Jane Doe was sitting in a Southern California community-college classroom when her criminal-justice professor ignited a debate about the infamous 2002 Haidl gang rape that won international attention. Three young men (then ages 17 and 18) got a then-16-year-old girl intoxicated on booze and marijuana to the point of unconsciousness, stripped her, and then videotaped their sexual assault at a Pacific Ocean-view, Corona del Mar home. With misogynistic rap as a soundtrack, they threw her limp body on a pool table and, in a despicable coup de grâce, repeatedly shoved a Snapple bottle, apple-juice can, lit cigarette and a pool stick into her vagina and anus.
We’d never know about the sensational crime except that Greg Haidl, the filmmaker/participant and the son of an ultra-wealthy assistant sheriff, clumsily lost his homemade porno after proudly showing it to friends. Eventually, the 21-minute film made its way to police, who initially believed they’d discovered a bizarre case of necrophilia. The arrests of Haidl, Kyle Nachreiner and Keith Spann began an intense, eight-year court battle that ended with convictions and six-year prison sentences—and created a political earthquake from which Orange County is still recovering.
Though long over, the case remains polarizing, especially in classrooms such as the one with Doe in attendance. Those who side with the defendants are often the angriest. They opine that the victim enticed the men by wearing provocative clothes and flirting. Some people go so far as to claim the girl’s mere presence with partying men was a “green light” for a gangbang. Those are infuriating stances to Doe, who kept her mouth shut during the debate. Neither the professor nor the other students knew that if she spoke, she would do so with compelling authority.
“I was unconscious, and there’s a video to prove it,” she tells me, unable to mask her incredulity.

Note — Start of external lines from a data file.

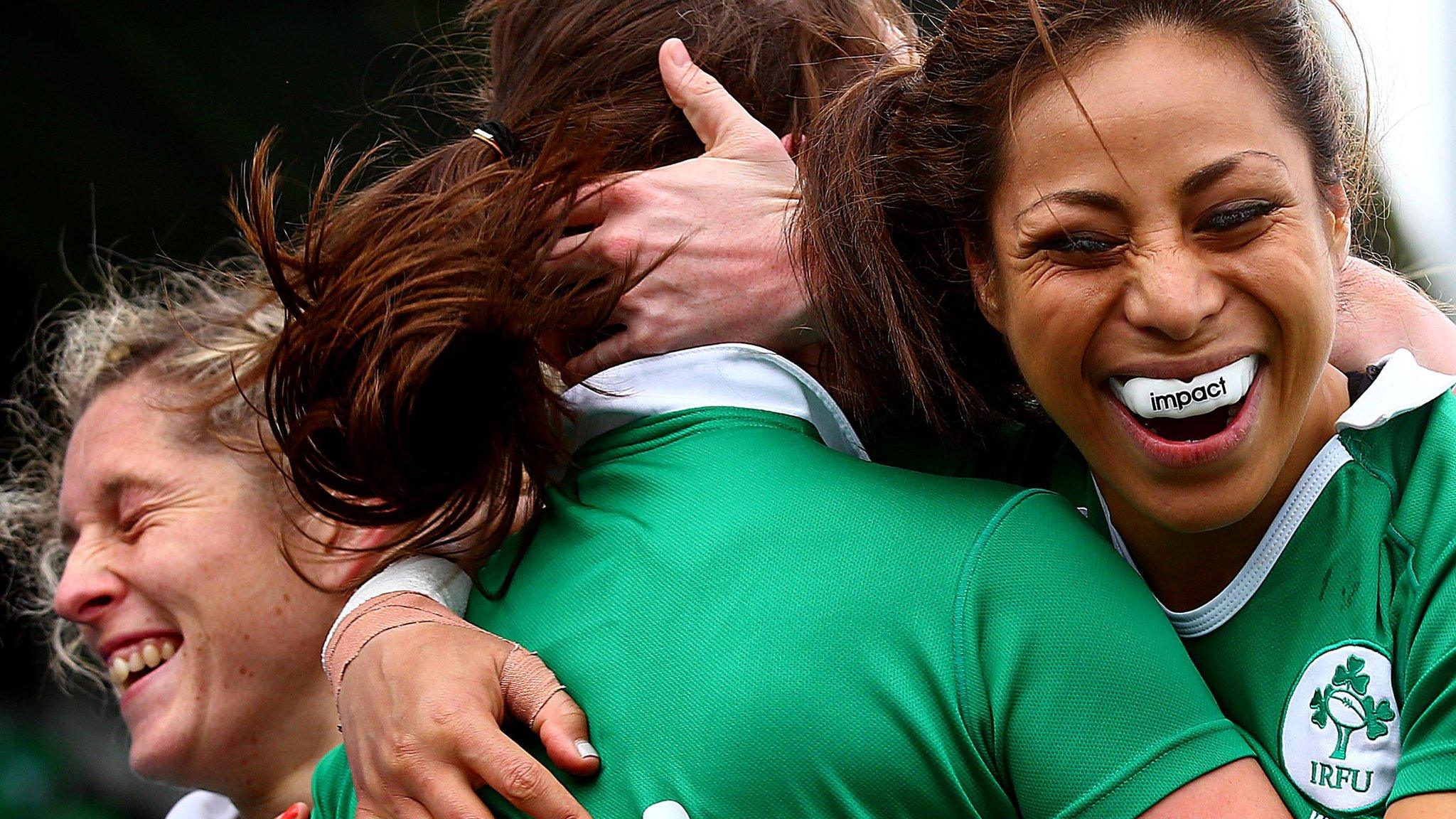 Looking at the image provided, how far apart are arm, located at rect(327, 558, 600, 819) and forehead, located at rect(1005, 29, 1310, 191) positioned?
71 centimetres

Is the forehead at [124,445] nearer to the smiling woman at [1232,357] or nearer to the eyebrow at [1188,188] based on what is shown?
the smiling woman at [1232,357]

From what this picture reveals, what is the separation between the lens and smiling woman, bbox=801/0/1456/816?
55.2 inches

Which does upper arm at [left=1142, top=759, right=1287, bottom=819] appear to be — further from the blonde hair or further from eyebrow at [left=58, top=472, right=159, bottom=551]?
eyebrow at [left=58, top=472, right=159, bottom=551]

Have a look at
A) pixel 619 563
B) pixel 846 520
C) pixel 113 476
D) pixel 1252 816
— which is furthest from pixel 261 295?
pixel 1252 816

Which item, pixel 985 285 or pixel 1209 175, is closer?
pixel 1209 175

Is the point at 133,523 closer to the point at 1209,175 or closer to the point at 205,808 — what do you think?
the point at 205,808

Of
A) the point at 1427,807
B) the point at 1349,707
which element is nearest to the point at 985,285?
the point at 1349,707

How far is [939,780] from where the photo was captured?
1.35 m

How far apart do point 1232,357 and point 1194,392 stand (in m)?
0.05

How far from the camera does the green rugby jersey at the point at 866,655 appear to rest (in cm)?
133

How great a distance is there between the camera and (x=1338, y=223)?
62.4 inches

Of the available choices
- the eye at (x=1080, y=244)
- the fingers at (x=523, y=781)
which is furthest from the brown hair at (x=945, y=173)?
the fingers at (x=523, y=781)

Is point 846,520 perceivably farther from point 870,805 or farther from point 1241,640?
point 1241,640

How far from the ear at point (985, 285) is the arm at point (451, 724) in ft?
2.00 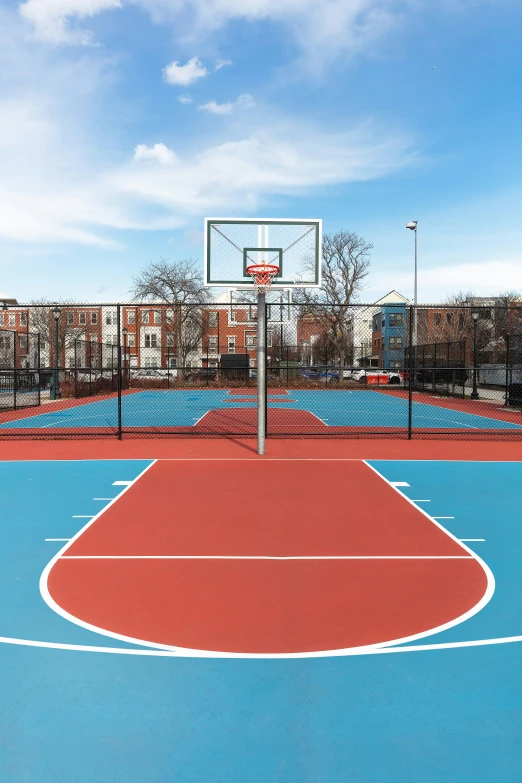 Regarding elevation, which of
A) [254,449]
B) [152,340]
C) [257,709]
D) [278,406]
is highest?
[152,340]

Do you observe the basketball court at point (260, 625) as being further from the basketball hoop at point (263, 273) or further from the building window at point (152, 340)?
the building window at point (152, 340)

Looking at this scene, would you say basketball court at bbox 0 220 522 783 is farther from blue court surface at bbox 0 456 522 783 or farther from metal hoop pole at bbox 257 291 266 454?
metal hoop pole at bbox 257 291 266 454

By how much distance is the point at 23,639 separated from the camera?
14.0 feet

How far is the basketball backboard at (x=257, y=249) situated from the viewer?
12359 millimetres

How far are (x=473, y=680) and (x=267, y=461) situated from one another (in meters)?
7.94

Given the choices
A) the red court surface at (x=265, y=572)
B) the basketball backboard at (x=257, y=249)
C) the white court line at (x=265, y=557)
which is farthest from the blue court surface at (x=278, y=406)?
the white court line at (x=265, y=557)

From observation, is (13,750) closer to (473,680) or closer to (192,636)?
(192,636)

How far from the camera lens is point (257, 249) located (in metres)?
12.4

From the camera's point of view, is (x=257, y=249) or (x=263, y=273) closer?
(x=263, y=273)

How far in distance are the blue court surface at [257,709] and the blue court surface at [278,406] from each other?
1399cm

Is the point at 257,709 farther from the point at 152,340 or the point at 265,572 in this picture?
the point at 152,340

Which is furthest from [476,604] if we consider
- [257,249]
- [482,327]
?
[482,327]

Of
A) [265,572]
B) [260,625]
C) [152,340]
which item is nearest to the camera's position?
[260,625]

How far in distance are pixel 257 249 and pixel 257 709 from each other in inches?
407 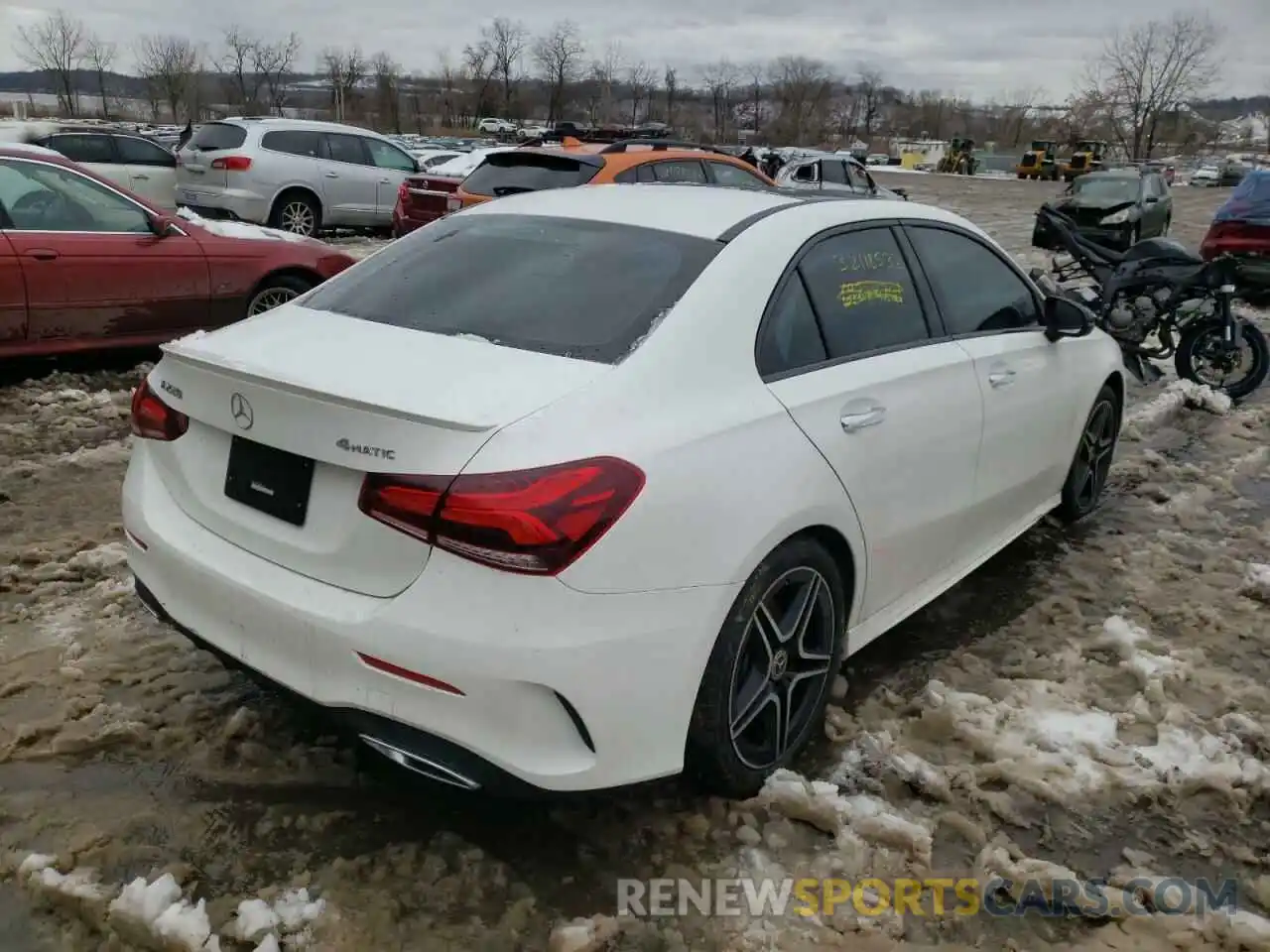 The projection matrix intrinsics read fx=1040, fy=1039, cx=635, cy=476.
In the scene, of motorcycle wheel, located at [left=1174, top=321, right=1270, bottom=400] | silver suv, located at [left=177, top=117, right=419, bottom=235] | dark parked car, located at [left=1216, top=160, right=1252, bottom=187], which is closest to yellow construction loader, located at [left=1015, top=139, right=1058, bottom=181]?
dark parked car, located at [left=1216, top=160, right=1252, bottom=187]

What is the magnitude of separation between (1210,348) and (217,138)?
12.0 meters

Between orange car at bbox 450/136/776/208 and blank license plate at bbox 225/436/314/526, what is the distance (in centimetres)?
701

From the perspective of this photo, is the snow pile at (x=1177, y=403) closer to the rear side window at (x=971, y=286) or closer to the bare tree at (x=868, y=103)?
the rear side window at (x=971, y=286)

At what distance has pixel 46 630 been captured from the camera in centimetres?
366

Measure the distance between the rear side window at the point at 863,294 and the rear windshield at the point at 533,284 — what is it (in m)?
0.41

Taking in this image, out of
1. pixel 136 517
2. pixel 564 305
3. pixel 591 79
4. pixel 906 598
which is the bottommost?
pixel 906 598

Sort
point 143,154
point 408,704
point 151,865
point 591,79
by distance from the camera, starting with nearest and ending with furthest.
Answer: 1. point 408,704
2. point 151,865
3. point 143,154
4. point 591,79

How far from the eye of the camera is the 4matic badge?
2.26m

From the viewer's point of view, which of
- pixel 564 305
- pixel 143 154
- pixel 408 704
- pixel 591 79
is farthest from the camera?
pixel 591 79

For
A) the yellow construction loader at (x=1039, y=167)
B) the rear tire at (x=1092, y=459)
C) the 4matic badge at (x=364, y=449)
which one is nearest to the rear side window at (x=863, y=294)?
the 4matic badge at (x=364, y=449)

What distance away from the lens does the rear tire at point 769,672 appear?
258 cm

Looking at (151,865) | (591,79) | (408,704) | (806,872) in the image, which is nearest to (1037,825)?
(806,872)

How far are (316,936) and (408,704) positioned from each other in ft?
1.91

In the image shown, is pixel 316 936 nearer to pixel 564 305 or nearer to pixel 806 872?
pixel 806 872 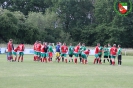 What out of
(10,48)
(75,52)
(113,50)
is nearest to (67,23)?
(75,52)

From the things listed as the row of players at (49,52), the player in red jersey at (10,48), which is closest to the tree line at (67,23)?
the row of players at (49,52)

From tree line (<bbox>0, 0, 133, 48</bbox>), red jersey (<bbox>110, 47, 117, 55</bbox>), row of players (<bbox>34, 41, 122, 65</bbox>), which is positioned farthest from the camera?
tree line (<bbox>0, 0, 133, 48</bbox>)

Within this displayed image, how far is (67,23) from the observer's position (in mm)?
96875

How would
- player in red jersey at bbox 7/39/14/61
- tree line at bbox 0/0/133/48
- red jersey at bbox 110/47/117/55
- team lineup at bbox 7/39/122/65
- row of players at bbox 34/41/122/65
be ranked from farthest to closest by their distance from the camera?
tree line at bbox 0/0/133/48 < row of players at bbox 34/41/122/65 < team lineup at bbox 7/39/122/65 < red jersey at bbox 110/47/117/55 < player in red jersey at bbox 7/39/14/61

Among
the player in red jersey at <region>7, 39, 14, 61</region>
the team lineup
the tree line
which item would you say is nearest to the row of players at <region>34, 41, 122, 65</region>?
the team lineup

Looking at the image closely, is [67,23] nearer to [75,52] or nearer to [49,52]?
[49,52]

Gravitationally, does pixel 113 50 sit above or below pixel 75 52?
above

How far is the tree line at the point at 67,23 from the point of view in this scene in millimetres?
76250

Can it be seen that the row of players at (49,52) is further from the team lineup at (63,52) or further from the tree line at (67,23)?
the tree line at (67,23)

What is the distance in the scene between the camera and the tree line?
76.2m

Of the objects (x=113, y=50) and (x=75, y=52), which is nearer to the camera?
(x=113, y=50)

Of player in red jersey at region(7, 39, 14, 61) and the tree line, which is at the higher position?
the tree line

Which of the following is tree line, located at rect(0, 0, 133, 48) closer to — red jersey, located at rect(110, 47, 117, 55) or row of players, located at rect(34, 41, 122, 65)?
row of players, located at rect(34, 41, 122, 65)

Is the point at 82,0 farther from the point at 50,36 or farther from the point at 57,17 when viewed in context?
the point at 50,36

She is the Jane Doe in the Haidl case. The horrific crime plus the savage, multimillion-dollar defense smear and intimidation campaign coupled with public scorn and her own missteps came close to ruining her permanently. It has taken a while to recover from all the abuse, but there’s good news.
Two months shy of the 10th anniversary of the crime, Doe is ready to break her silence in a public forum. On April 27, she will give a seven-minute speech at Orange County’s annual Victims’ Rights March and Rally in Santa Ana. She has decided to reveal her first name at the event.
“In 2002, my world collapsed, and I lost everything I knew,” she says. “But now I’ve turned a horrible situation into a positive. I’ve taken my life back.”
* * *
Everybody expected that Assistant Sheriff Don Haidl—a chain smoker with a cocktail near-permanently attached to his hand and a scowl on his emaciated face—would do everything he could to keep his son out of prison following the arrests. But few people could’ve anticipated the extent to which Haidl’s legal defense team—totaling more than a dozen defense lawyers, including a former state Supreme Court justice, a retired FBI agent and, get this, a publicist—would go. Private investigators aggressively tailed and photographed Doe and her parents for years. A poster was circulated in Doe’s neighborhood soliciting dirt on her. Her medical records were illegally released to reporters. She was repeatedly called a “slut,” and her female friends were privately convinced to alter their stories to match the defense’s case. Haidl brought in a veteran Los Angeles porno star to testify that Doe was faking unconsciousness in the video while playing the role of a corpse. Not satisfied, he also paid a New York doctor to claim with all seriousness that Doe didn’t need to give oral consent to the gangbang because her rectum had done so when it accepted the insertion of foreign objects. The defense team even got CBS show 48 Hours to broadcast a fact-ignoring feature sympathetic to their clients.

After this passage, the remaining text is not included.